US President George W. Bush said in an interview that he came to office "unprepared for war" and that his "biggest regret" was the US "intelligence failure" on Iraq.

In a wide-ranging exchange with ABC television's World News Tonight, Bush also said he was "sorry" that the global economic meltdown was taking place and predicted that he would leave office January 20th with his "head held high."

The US president has been mired in record-low approval ratings after the botched government response to killer Hurricane Katrina in 2005 and amid wars in Iraq and Afghanistan, as well as the world financial crisis.
  
"The biggest regret of all the presidency has to have been the intelligence failure in Iraq," Bush said 50 days before president-elect Barack Obama's inauguration. "I wish the intelligence had been different, I guess."

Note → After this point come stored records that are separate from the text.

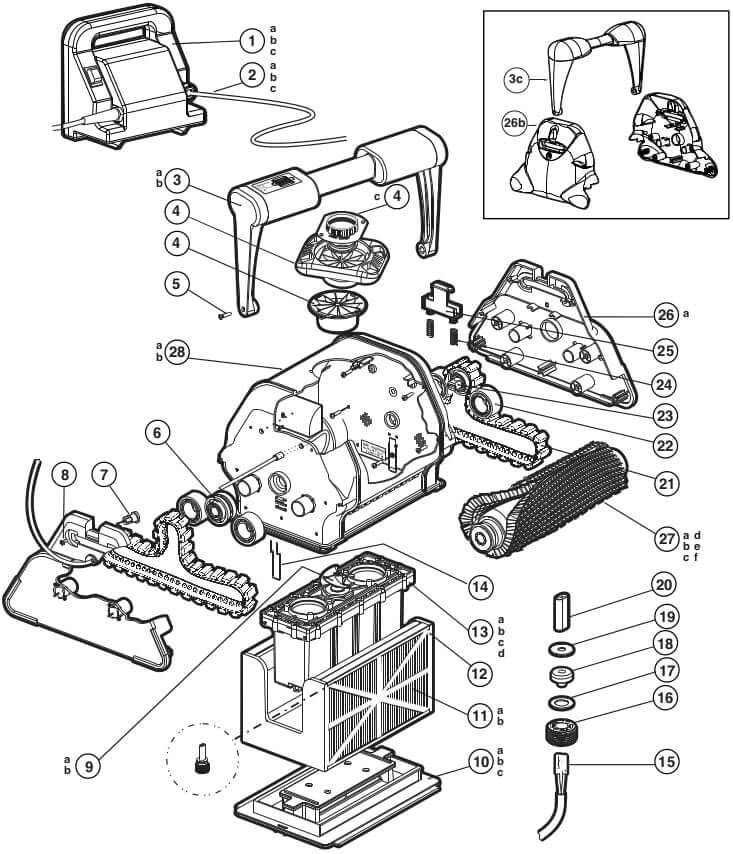 Hayward TigerShark Parts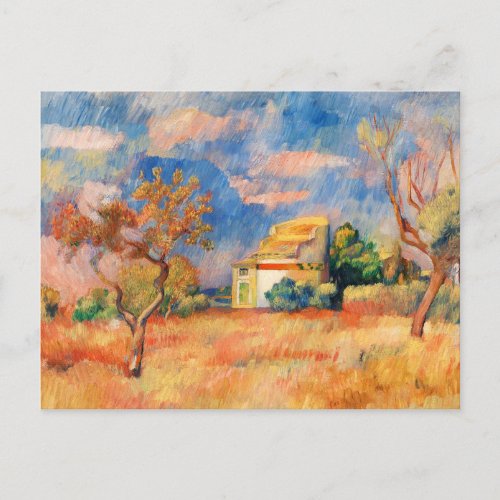 Dovecote at Bellevue by Renoir _ Impressionist Art Postcard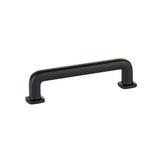 Emtek Cabinet Pull with 4" Center to Center in Flat Black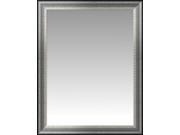 Silver Alexandria Wall Mirror Portrait Size 25.5 X 31.5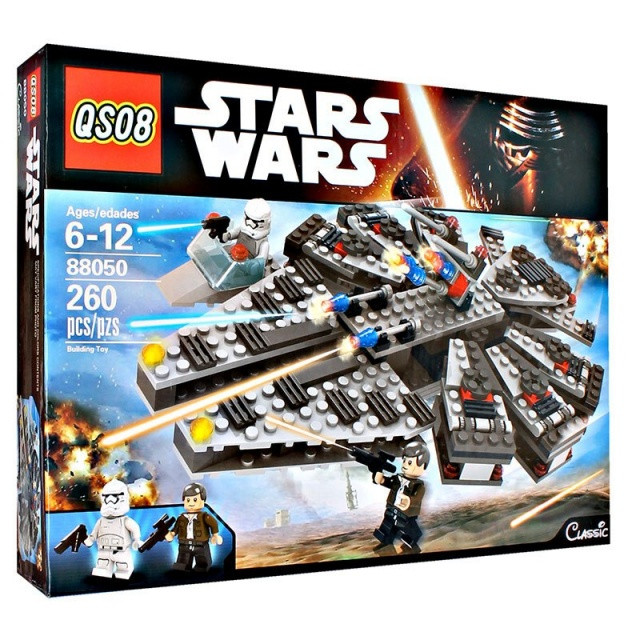 Конструктор QS08 88050 Star Wars "Сокол Тысячелетия" (аналог LEGO Star Wars) 260 деталей - фото 1 - id-p58406952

But Bush refused to say whether he would have ordered the March 2003 invasion if he had known that late dictator Saddam Hussein did not have weapons of mass destruction, calling it "an interesting question."
  
"That is a do-over that I can't do. It's hard for me to speculate," said Bush, who declared as recently as last week that Saddam's ouster was "the right decision then -- and it is the right decision today."

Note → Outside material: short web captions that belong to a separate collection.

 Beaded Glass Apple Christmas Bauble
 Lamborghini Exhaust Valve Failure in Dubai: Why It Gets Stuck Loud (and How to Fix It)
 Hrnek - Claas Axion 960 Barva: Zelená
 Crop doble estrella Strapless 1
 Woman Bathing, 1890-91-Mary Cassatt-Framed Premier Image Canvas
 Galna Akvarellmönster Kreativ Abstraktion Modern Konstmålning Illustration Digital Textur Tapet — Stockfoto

WMD claim later proved false


More than 4,200 US troops have died in Iraq since Bush launched the war after a months-long public campaign centred on the charge -- later proved false -- that Saddam possessed vast stockpiles of weapons of mass destruction.

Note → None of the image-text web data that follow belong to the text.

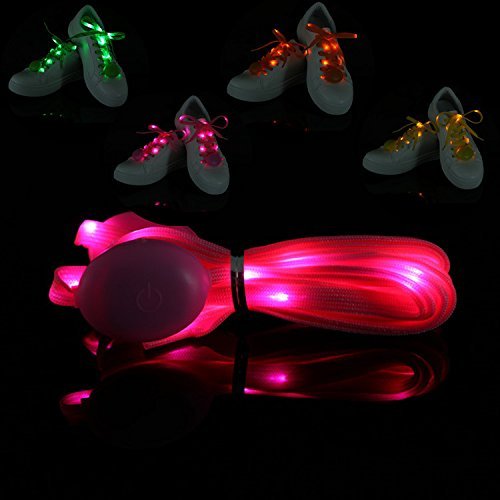 Cordones LED de 6 pares, de alta visibilidad, suave nailon, con 3 modos en 6 colores para seguridad nocturna, correr, ciclismo, o fiesta de discoteca, Cosplay, baile de hip-hop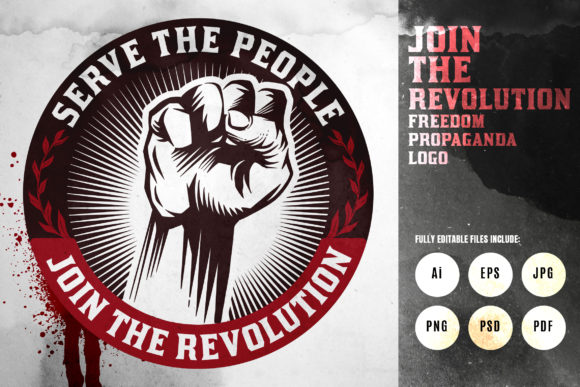 Join the Revolution Logo Template: A Versatile Design for Modern Movements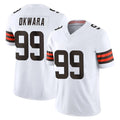 Kooe C.Browns #99 Julian Okwara Player White Vapor F.U.S.E. Limited Home Game Stitched Jerseys
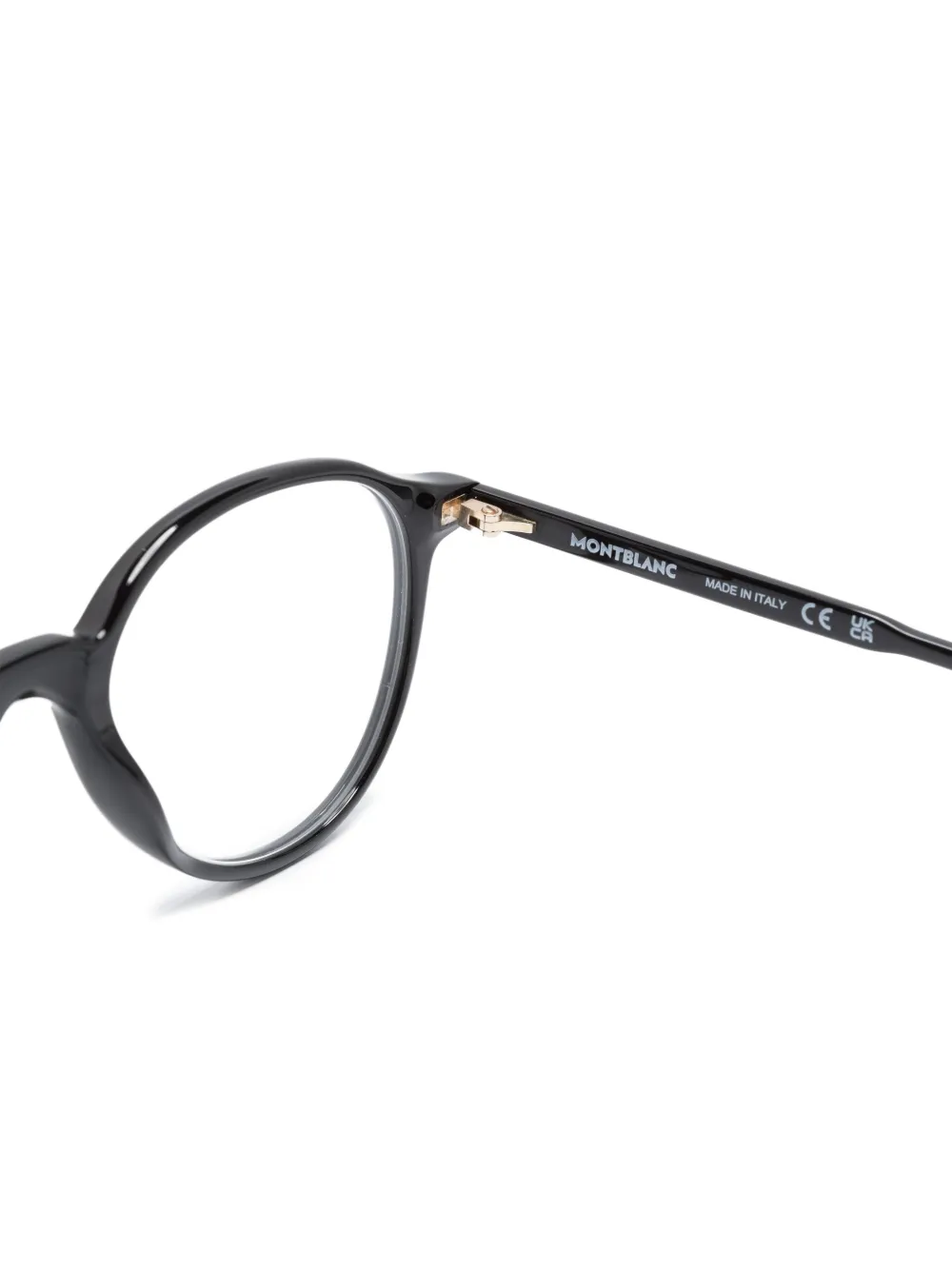 Montblanc Bril met rond montuur Zwart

"A lot of people put their reputations on the line and said the weapons of mass destruction is a reason to remove Saddam Hussein. It wasn't just people in my administration," Bush told ABC.

Asked what his greatest accomplishment was, the US president replied: "I keep recognizing we're in a war against ideological thugs and keeping America safe."

'Unprepared for war'

  
Asked what he was most unprepared for when he took office in January 2001,Bush replied: "I think I was unprepared for war. In other words, I didn't campaign and say, 'Please vote for me, I'll be able to handle an attack.'"

"In other words, I didn't anticipate war. Presidents -- one of the things about the modern presidency is that the unexpected will happen," he said.

Bush, whose administration recently accepted a formal timeline for withdrawing from Iraq, also stood fast behind his refusal for years to set a pull-out timetable.

"It would have compromised the principle that when you put kids into harm's way, you go in to win," he said.

Asked about the global economic crisis, Bush declared "I'm sorry it's happening, of course," but rejected any effort to blame his administration for inaction in the face of growing concerns.

"I'm the president during this period of time, but I think when the history of this period is written, people will realise a lot of the decisions that were made on Wall Street took place over a decade or so," he said.

'Grief in soul'


Bush also described much of his time in office as "joyful" even though "the president ends up carrying a lot of people's grief in his soul during a presidency."

"I don't feel joyful when somebody loses their life, nor do I feel joyful when somebody loses a job. That concerns me," he said. "But the idea of being able to serve a nation you love has been joyful."

Asked what Americans would say when he left office, Bush replied: "I hope they feel that this is a guy that came, didn't sell his soul for politics, had to make some tough decisions, and did so in a principled way."

"I will leave the presidency with my head held high."